[edit]
Robust Sparsification via Sensitivity
Proceedings of the 42nd International Conference on Machine Learning, PMLR 267:26446-26463, 2025.
Abstract
Robustness to outliers is important in machine learning. Many classical problems, including subspace embedding, clustering, and low-rank approximation, lack scalable, outlier-resilient algorithms. This paper considers machine learning problems of the form $\min_{x\in \mathbb{R}^d} F(x)$, where $F(x)=\sum_{i=1}^n F_i(x)$, and their robust counterparts $\min_{x\in\mathbb{R}^d} F^{(m)}(x)$, where $F^{(m)}(x)$ denotes the sum of all but the $m$ largest $F_i(x)$ values.

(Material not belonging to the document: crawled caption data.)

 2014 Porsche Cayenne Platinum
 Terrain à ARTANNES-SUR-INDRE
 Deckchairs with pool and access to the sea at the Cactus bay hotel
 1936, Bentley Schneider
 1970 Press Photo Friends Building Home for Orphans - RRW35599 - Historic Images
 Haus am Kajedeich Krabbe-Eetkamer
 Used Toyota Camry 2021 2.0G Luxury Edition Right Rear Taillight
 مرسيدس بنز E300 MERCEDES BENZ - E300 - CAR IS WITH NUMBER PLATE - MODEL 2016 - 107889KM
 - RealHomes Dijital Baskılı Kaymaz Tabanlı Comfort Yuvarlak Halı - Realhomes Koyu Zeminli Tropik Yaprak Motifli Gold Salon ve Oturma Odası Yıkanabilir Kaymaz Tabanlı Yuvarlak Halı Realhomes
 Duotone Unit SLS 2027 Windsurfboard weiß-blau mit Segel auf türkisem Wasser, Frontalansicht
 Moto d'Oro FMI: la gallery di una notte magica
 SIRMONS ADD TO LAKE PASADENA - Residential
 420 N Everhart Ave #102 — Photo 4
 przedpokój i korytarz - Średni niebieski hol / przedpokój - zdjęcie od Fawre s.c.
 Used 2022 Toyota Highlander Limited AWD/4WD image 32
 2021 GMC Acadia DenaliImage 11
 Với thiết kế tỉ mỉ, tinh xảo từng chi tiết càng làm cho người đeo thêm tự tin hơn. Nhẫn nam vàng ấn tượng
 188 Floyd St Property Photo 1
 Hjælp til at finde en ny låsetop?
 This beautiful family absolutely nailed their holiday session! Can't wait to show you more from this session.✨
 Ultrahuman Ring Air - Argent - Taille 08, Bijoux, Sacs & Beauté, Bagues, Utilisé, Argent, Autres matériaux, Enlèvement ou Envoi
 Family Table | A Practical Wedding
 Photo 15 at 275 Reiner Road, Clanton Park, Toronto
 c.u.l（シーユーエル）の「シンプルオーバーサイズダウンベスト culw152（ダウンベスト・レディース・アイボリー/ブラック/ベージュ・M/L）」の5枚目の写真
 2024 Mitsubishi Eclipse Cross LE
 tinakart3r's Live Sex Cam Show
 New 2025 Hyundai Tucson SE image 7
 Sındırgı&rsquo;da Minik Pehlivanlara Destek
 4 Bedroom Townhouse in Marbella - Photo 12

We develop a general framework for constructing $\epsilon$-coresets for such robust problems, where an $\epsilon$-coreset is a weighted subset of functions $\{F_1(x),…,F_n(x)\}$ that provides a $(1+\epsilon)$-approximation to $F(x)$. Specifically, if the original problem $F$ has total sensitivity $T$ and admits a vanilla $\epsilon$-coreset of size $S$, our algorithm constructs an $\epsilon$-coreset of size $\tilde{O}(\frac{mT}{\epsilon})+S$ for the robust objective $F^{(m)}$. This coreset size can be shown to be near-tight for $\ell_2$ subspace embedding. Our coreset algorithm has scalable running time and leads to new or improved algorithms for the robust optimization problems. Empirical evaluations demonstrate that our coresets outperform uniform sampling on real-world data sets.